**DATA PROVIDED:**
=== Section Start ===

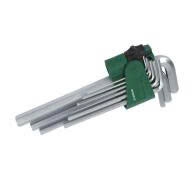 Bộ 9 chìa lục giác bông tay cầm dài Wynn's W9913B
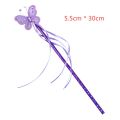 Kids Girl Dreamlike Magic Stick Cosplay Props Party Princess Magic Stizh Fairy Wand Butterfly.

=== Section End ===
=== Section Start ===

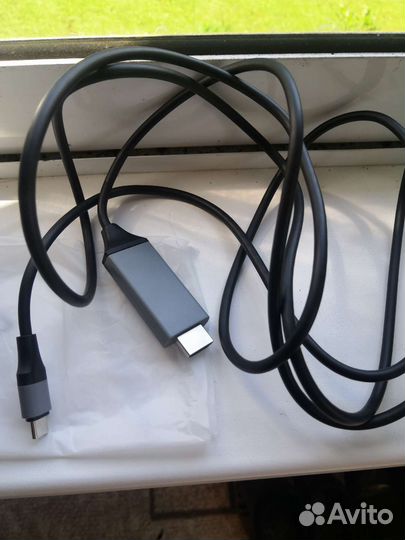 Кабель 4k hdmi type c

=== Section End ===

**HOW TO COMPLETE THIS TASK:** Between and including the line above that contains "Bộ 9 chìa lục" and the line that contains "Kids Girl Dreamlike", restate every line word for word. Pictures stay out.

**RESPONSE TO THIS TASK:**
 Bộ 9 chìa lục giác bông tay cầm dài Wynn's W9913B
 Kids Girl Dreamlike Magic Stick Cosplay Props Party Princess Magic Stizh Fairy Wand Butterfly.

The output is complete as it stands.